Niat apapun seharusnya didasari karena Allah. Mau bisnis, mau gabung usaha dikelompok tani ataupun yang lainnya usahakan dan pastikan bahwa niat kita karena Allah. Sehingga dalam perjalanannya kita tidak akan berhenti jika tidak ada sesuatu yang Allah langgar

2.      Berpikir “meminta” bukan “memberi”

Orang yang tujuannya hanya meminta, berarti dia bersiap untuk menerima sesuatu. Orang yang suka meminta otomatis ia akan senang jika di mendapatka apa yang ia minta dan akan kecewa jika yang diharapkan tidak ia peroleh.
Beda jika pola pikir kita adalah “memberi”. Seberapapun yang kita berikan, kita tidak akan kecewa. Kita akan merasa kurang nayaman saat belum memberikan sesuatu. Jika kita mendapat sesuatu berarti itu kemudahan dari Allah, jika kita tidak mendapatkannya tentu kita tidak akan kecewa.
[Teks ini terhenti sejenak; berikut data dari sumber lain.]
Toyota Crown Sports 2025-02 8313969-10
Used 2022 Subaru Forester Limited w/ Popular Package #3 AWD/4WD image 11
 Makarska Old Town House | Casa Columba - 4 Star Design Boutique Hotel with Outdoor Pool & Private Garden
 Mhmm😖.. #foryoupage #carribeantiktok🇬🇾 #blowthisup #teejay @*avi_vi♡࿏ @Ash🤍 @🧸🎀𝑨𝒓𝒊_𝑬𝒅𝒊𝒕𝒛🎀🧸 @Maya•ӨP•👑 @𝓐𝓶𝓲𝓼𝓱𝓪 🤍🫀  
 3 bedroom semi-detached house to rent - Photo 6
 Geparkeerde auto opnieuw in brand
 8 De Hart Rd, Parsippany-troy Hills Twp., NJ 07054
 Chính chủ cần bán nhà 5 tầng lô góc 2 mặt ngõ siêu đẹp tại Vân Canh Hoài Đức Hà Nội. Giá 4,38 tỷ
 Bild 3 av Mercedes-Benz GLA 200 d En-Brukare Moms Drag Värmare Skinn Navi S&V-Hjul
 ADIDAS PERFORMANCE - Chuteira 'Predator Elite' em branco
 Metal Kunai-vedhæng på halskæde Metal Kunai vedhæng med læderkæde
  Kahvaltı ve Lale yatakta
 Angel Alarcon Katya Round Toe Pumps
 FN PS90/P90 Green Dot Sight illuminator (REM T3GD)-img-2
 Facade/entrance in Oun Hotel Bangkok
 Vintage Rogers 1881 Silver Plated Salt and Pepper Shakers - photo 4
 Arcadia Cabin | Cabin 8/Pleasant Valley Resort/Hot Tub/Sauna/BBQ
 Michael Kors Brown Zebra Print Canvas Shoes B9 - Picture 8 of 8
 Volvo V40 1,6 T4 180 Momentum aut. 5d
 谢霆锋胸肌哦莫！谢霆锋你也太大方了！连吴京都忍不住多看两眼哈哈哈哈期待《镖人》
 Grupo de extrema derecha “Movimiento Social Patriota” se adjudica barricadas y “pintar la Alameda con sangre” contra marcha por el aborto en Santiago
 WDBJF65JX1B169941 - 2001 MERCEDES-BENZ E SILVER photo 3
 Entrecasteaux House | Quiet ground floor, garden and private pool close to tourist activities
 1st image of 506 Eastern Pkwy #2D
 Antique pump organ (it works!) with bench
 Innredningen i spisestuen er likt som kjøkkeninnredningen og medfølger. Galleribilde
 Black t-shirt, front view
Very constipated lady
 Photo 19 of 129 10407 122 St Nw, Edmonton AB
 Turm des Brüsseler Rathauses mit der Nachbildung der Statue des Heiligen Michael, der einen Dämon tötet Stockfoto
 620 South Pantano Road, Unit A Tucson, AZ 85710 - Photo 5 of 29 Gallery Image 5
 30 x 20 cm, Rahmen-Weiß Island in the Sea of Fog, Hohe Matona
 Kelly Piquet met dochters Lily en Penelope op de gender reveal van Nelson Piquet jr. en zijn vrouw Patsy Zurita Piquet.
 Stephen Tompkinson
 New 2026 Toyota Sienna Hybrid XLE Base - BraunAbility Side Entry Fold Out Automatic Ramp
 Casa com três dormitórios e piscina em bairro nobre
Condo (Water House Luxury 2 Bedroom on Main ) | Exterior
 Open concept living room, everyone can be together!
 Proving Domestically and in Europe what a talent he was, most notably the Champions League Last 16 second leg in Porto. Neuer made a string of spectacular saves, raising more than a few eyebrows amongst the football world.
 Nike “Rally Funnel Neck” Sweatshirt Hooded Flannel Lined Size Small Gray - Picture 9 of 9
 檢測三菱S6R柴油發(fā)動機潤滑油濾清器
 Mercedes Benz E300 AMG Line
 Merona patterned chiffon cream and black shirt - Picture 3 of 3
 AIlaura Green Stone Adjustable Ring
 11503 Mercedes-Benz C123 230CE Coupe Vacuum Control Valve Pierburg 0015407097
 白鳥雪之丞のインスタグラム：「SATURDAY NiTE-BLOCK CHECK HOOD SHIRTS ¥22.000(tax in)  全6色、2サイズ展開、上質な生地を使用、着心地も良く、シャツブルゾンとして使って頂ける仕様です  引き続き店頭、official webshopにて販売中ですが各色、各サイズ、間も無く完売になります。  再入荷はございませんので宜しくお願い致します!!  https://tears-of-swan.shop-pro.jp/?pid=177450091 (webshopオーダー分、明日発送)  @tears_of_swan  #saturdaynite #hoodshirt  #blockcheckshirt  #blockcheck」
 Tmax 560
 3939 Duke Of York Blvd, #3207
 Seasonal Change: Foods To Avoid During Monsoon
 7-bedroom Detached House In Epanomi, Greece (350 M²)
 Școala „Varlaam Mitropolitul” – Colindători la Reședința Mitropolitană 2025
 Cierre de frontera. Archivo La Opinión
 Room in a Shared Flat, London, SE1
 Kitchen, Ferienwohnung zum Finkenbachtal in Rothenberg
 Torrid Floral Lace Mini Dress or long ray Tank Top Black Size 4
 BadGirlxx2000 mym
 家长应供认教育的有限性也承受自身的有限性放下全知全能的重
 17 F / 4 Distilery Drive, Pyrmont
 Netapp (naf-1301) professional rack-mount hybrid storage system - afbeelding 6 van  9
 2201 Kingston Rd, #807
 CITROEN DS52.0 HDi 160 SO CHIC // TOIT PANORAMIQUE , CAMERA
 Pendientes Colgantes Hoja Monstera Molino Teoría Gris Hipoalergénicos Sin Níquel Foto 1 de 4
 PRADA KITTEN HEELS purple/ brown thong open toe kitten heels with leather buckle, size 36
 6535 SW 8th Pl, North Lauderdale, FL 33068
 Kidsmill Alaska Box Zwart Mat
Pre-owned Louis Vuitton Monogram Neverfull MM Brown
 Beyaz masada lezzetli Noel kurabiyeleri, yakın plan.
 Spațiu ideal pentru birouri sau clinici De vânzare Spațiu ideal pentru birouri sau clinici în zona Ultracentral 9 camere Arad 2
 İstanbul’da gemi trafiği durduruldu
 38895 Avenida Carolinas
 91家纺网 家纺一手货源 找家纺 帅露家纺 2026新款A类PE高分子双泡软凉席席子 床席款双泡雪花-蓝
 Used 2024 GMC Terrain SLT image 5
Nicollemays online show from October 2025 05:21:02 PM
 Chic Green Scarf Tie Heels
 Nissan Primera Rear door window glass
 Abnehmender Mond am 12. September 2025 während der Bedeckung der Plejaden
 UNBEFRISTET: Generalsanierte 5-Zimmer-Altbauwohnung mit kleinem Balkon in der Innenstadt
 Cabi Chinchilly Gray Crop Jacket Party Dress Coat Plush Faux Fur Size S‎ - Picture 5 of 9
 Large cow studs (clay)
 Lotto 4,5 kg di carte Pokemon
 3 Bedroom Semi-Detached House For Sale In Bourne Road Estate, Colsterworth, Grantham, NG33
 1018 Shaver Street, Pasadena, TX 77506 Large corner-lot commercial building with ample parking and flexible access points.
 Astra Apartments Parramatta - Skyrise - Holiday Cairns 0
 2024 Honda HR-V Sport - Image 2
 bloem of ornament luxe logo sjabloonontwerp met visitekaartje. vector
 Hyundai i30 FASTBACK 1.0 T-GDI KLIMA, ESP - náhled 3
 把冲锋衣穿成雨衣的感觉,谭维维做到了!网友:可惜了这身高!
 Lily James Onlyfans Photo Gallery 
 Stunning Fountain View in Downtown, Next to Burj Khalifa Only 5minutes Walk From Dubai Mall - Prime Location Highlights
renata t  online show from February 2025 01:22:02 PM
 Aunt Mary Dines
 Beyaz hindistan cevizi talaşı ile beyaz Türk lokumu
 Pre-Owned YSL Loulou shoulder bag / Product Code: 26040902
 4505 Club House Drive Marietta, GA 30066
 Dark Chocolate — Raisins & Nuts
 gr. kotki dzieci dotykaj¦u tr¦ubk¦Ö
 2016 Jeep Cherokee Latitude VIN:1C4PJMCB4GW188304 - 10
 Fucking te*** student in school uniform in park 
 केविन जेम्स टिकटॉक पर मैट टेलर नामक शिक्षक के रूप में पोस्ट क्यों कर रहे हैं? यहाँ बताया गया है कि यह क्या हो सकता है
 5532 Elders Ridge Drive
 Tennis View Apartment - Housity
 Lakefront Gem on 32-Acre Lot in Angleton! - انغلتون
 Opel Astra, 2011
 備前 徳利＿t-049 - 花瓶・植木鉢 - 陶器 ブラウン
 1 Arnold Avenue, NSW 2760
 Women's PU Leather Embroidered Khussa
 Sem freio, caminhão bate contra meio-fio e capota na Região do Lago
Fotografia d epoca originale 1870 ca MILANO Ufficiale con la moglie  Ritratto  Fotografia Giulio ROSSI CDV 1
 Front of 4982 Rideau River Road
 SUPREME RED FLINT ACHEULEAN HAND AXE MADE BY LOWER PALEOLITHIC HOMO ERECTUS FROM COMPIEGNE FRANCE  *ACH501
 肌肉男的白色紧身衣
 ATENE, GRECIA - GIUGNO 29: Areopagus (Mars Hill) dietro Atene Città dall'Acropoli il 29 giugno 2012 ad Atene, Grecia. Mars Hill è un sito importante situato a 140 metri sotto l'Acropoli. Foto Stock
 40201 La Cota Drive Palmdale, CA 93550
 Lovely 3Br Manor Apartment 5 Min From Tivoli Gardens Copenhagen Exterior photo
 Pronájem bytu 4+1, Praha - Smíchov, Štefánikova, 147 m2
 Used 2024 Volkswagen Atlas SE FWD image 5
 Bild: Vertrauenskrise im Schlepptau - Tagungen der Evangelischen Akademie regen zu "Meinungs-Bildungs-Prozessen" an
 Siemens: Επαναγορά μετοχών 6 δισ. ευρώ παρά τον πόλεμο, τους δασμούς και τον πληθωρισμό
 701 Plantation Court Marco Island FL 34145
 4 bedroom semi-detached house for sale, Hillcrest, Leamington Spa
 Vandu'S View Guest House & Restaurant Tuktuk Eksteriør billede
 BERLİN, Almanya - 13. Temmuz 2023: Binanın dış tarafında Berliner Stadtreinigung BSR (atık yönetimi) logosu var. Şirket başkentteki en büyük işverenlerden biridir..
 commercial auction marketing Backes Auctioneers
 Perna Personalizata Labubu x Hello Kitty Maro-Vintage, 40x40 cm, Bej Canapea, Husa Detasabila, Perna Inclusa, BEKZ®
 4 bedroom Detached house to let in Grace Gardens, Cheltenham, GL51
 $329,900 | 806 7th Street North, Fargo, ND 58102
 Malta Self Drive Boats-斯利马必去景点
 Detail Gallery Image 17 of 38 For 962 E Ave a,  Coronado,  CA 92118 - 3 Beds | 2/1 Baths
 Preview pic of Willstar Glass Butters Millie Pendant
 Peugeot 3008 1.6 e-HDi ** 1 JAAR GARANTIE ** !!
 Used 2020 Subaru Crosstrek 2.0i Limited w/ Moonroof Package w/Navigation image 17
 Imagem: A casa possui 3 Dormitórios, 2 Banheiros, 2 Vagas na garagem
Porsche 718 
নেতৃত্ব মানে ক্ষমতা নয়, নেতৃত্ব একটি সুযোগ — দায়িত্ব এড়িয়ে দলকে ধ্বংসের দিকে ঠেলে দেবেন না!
Sebab fokus kita pada “memberi” bukan “meminta”.

3.      Kita mengharapkan sesuatu yang sempurna

Padahal, siapapun orangnya selain Nabi Muhammad, siapapun organisasinya, siapapun kelompok taninya, ia bukanlah sesuatu yang sempurna. Jika kita terus menuntut yang sempurna, kita akan terus kecewa. Padahal bisa jadi kita sudah menemukan kelompok tani yang terbaik, tapi karena ada celah yang tidak sukai lalu kita meninggalkannya. Astaghfirullah. 

Ini kelompok tani, bagaimana jika itu kelompok dakwah?